だからこそ適度な距離を保ち、無難に残り時間をやりすごそうと考えての行動だった。
「ちっ、仕方ねぇなあ。ポーズくらいは言う事聞いてくれるんだろうな?」
あまりダメ出しし過ぎてもまたダメだろう。この面倒くさい男は。そんな事を考えながら、誠は啓介の提案をしぶしぶと受け入れ、首を縦に振った。

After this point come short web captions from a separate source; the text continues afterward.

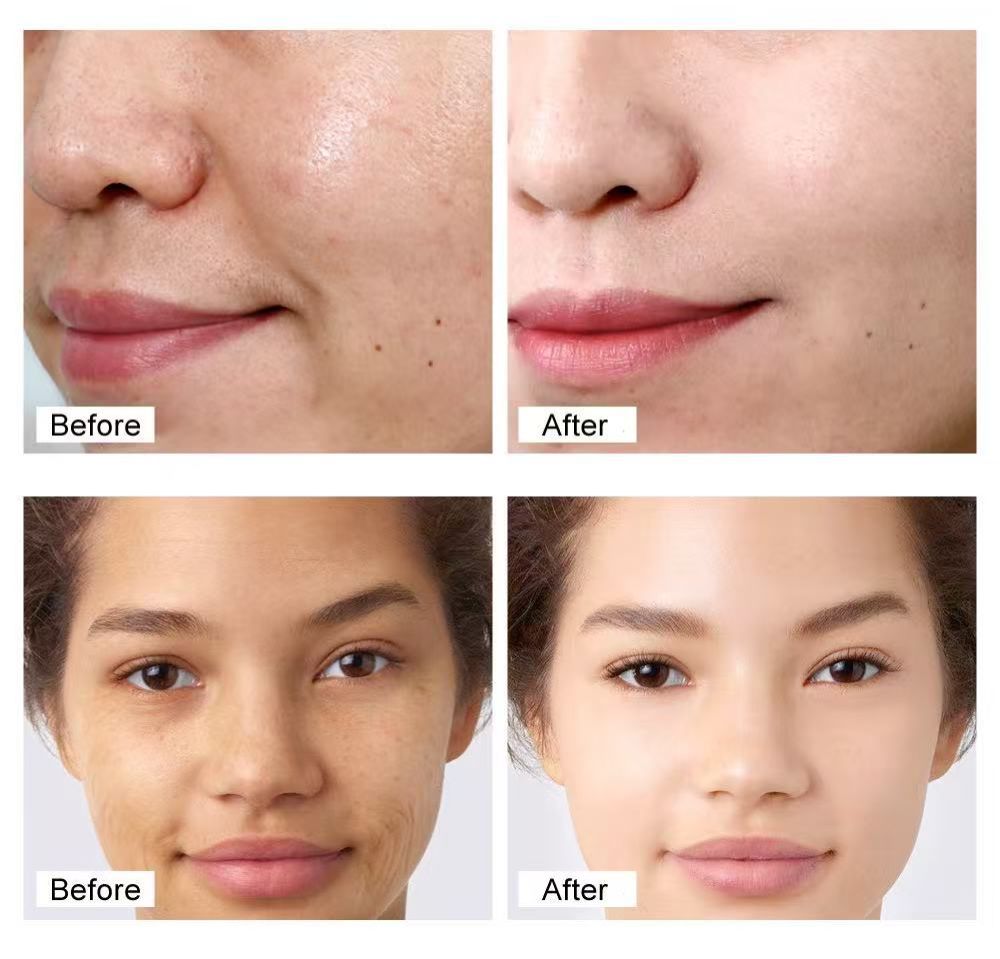 Retinol face cream reduces fine lines  firms and lifts  anti-wrinkle and reduces fine lines moisturizes and brightens skin  facial moisturizing essence cream  excellent skincare product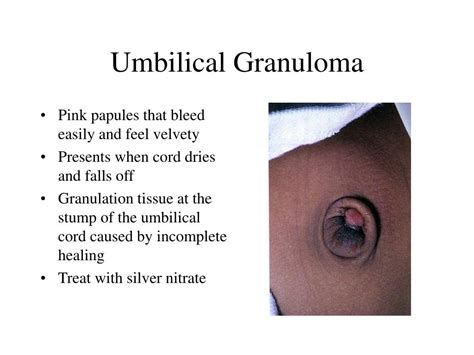 Granuloma In Belly Button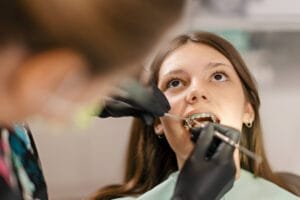 how much do braces cost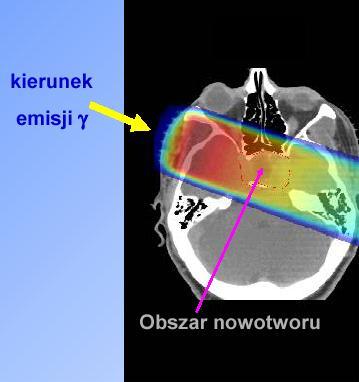 Akcelerator medyczny Do terapii używa się wiązki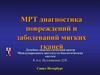 МРТ диагностика повреждений и заболеваний мягких тканей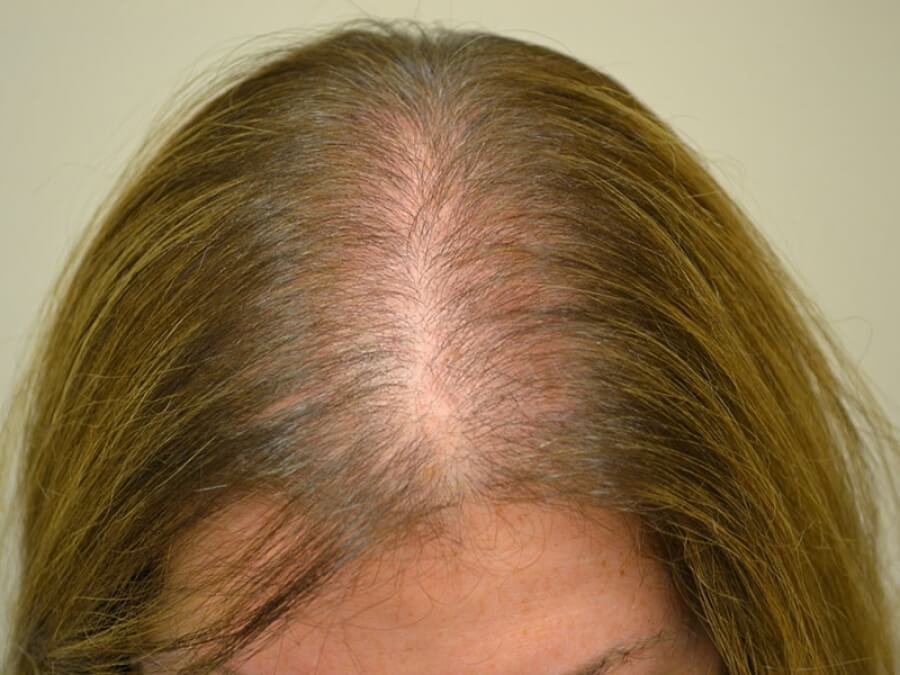 the main image - Iron deficiency hair loss women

「おし、じゃあどうするかなあ。やっぱ基本はM字開脚か」
最初っから飛ばし過ぎだ、と誠は突っ込みたくなったが、とっとと満足してもらって終わるなら悪くないと考え、素直に従う事にした。
「ったく、分かりやすい奴だな……」
そう言いながら誠は床に尻を付いて足を広げた。
それと同時に、素早く啓介が足の間に入り込んできた。
啓介の鼻息が股間に当たる。その感触にくすぐったさを覚え身をよじると、その動作に興奮したのか、啓介は更に鼻息を荒くした。
「ちょ……。あんまり興奮すんなよ、恥ずかしい」
自分に対して啓介が興奮しているという事実に、誠は妙な高揚を感じていた。
啓介を夢中にするだけの魅力が今の自分には存在する。そう思うと、誠は優越感を感じずにはいられなかった。
「変なにおいだなぁ。ここ」
啓介の呟きに、不意に恥ずかしさを覚え、誠は顔を赤らめた。
「何嗅いでんだよ! 見るだけっつったろうが!」
軽く苛立ちを覚え、啓介の顔を股間から引き離そうとするが、そこに啓介が口をはさんできた。
「においがするんだから仕方ないだろうが。文句があるなら先に洗っとけよ」
「そんな時間なかっただろうが! いいから嗅ぐな……!」
「それは無いだろー。においの事はもう言わないから、ちゃんと見させてくれよ」
言わないだけで嗅ぐのか。そう突っ込みを入れたかった誠だったが、これ以上言いあっても埒があかないと思い、ぐっと我慢した。
何がどうなろうとも、後二時間とちょっとの辛抱だ、と。
「初めて見たけど、変な見た目だよなぁ。こんなでっかい穴が開いてて……、その上の小さい突起がクリトリス?」
「知らねえよ。黙って見てろ!」
啓介から「見えにくい」というリクエストがあったため、誠は股の間に手を入れ、見えやすいように左右にヒダを引っ張っていた。そしてそれが、誠の羞恥心を相当に増進させていた。
しかし同時に、そのポーズが啓介を夢中にさせているという事実に、誠はより一層の高揚感を覚えていた。
「なぁ、啓介……」
誠自身、何故そんなことを口走ってしまったのか良く分からなかった。ただ、自分の体の中に沸いた高揚感を抑えられなかった事だけは確かだ。